Recorded data

□ □ □

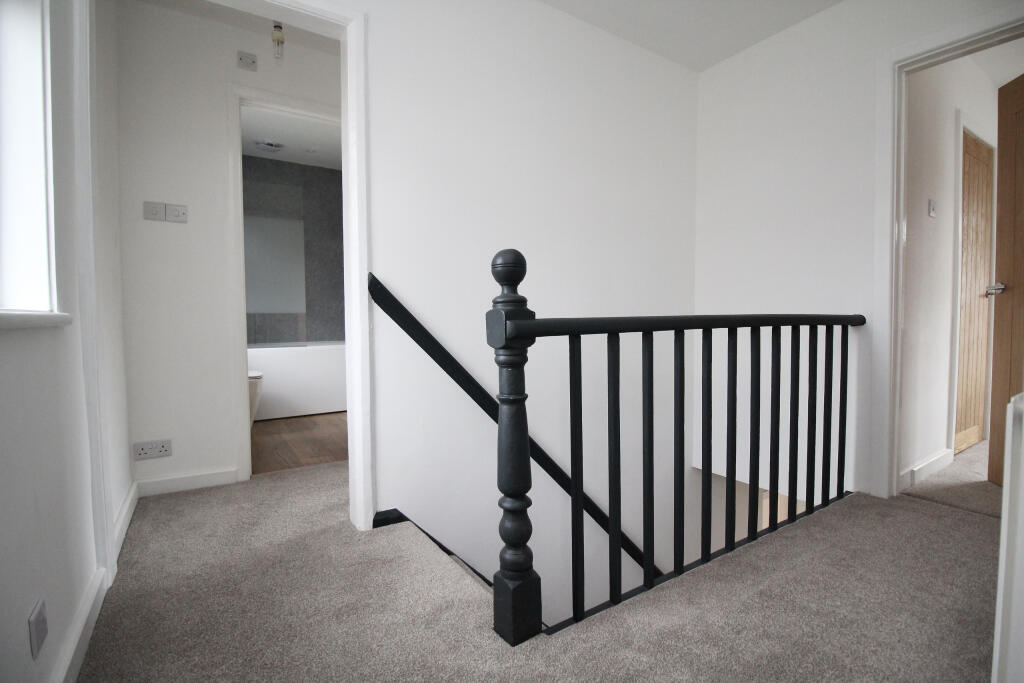 Additional image 17 of Ivythorn Road, Street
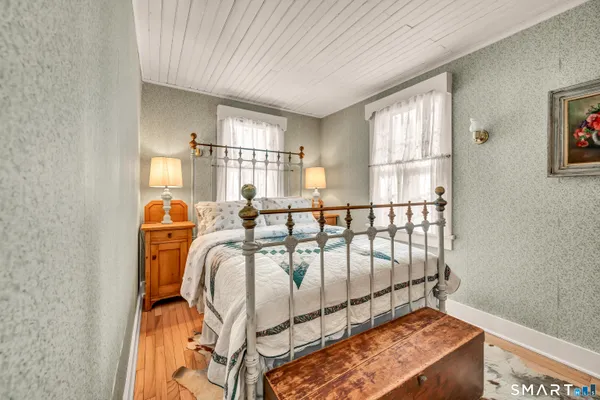 a view of a livingroom with furniture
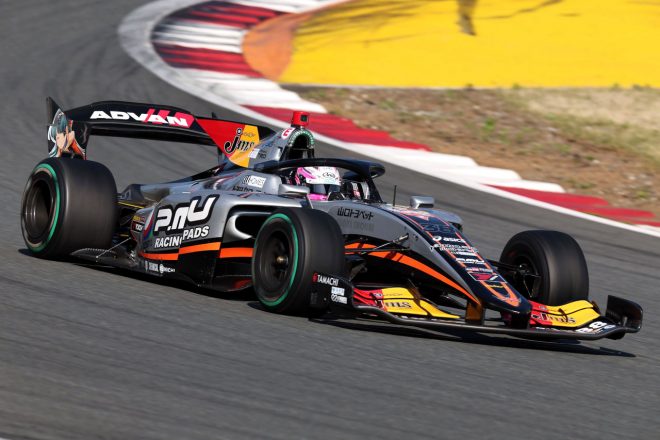 第2戦で2位表彰台を獲得した坪井翔(P.MU/CERUMO・INGING) 2023スーパーフォーミュラ第1戦&第2戦富士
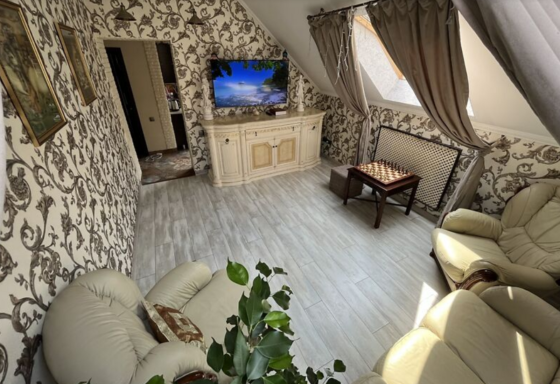 Продаж 3к квартири 75 кв. м на вул. Острозького Князя Ternopil'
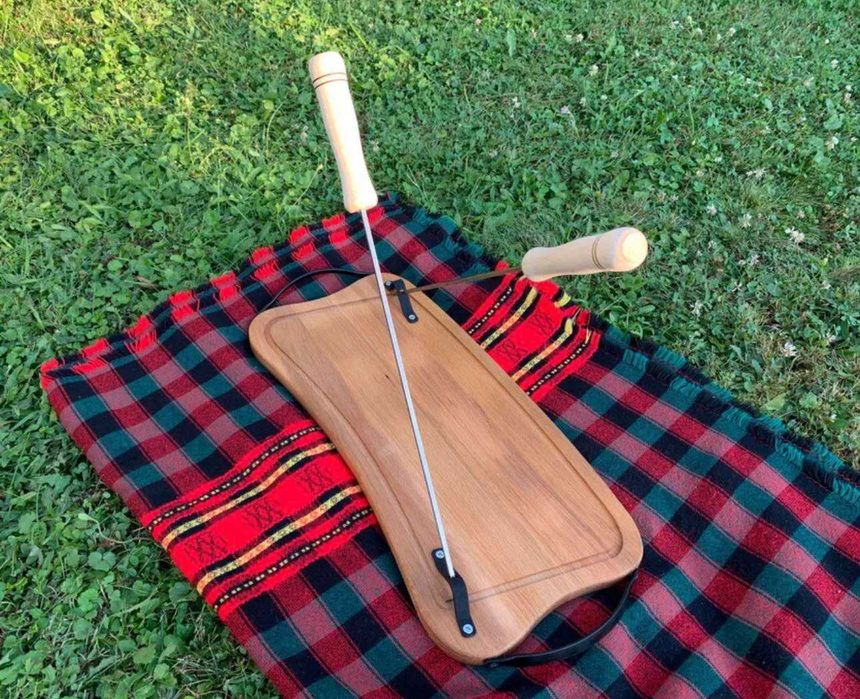 Масивна букова дъска за скара със метални шишове размери (54см x 21см)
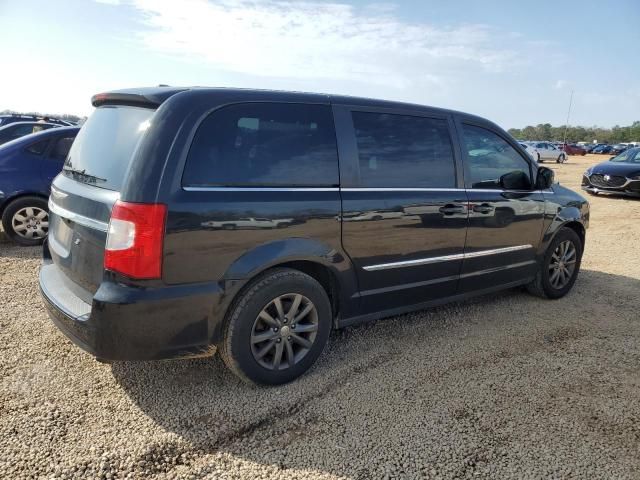 2016 Chrysler Town & Country S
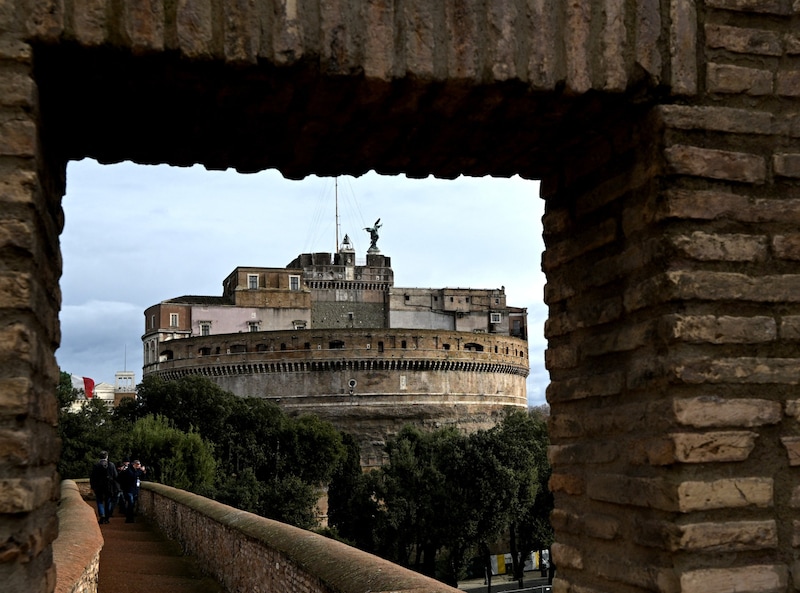 During the restoration work, the restorers found inscriptions on the walls by anti-fascists who had fled to the Vatican during the Second World War. (Bild: AFP)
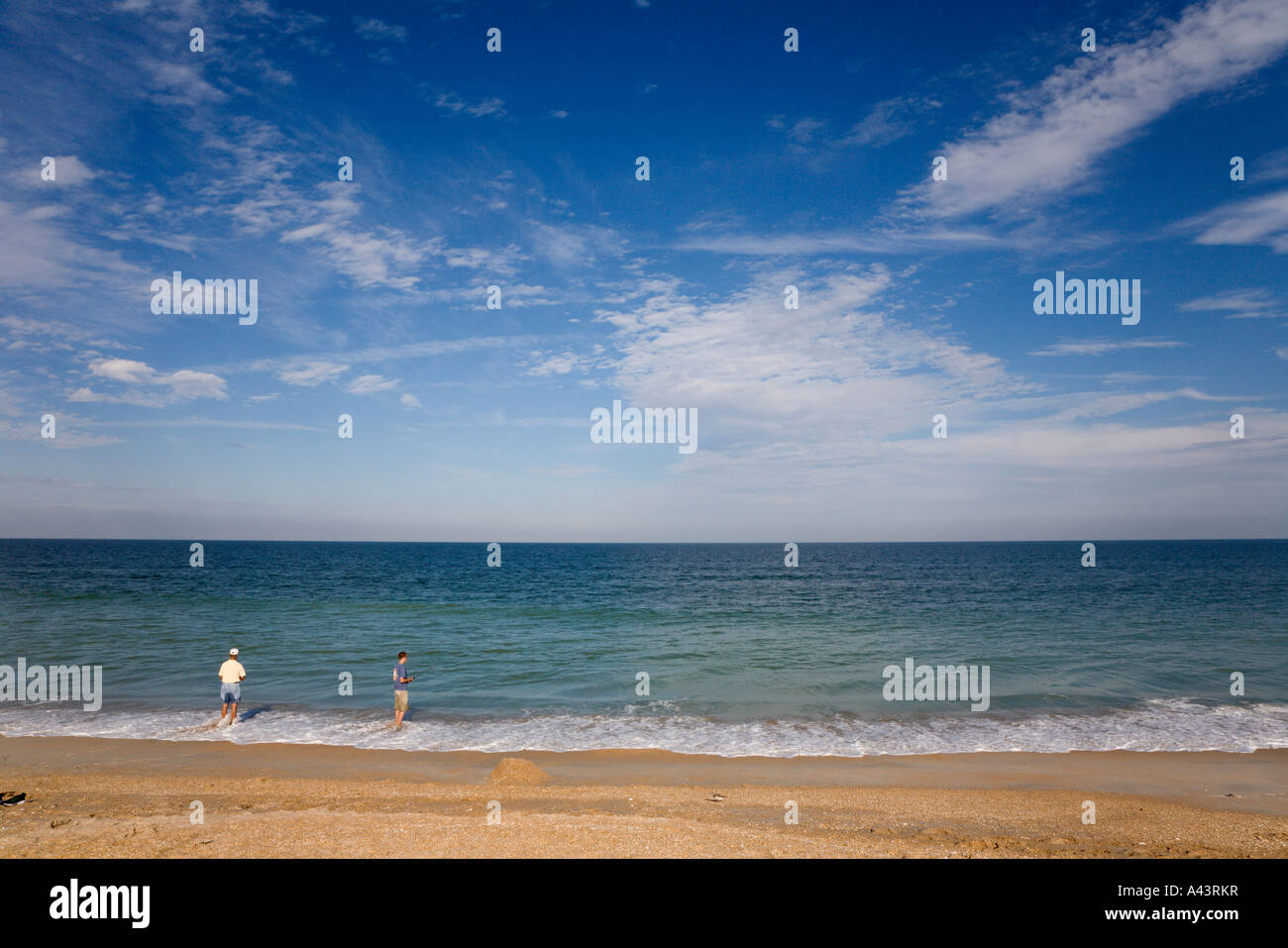 Angeln am weiten Strand in der Nähe von St. Augustine, Florida, USA Stockfoto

□ □ □

#### Directions
Would you transcribe, exactly and only, the lines from the one that contains "2016 Chrysler Town & Country S" through the last line of the data above, without any pictures?

#### Response to this exercise
 2016 Chrysler Town & Country S
 During the restoration work, the restorers found inscriptions on the walls by anti-fascists who had fled to the Vatican during the Second World War. (Bild: AFP)
 Angeln am weiten Strand in der Nähe von St. Augustine, Florida, USA Stockfoto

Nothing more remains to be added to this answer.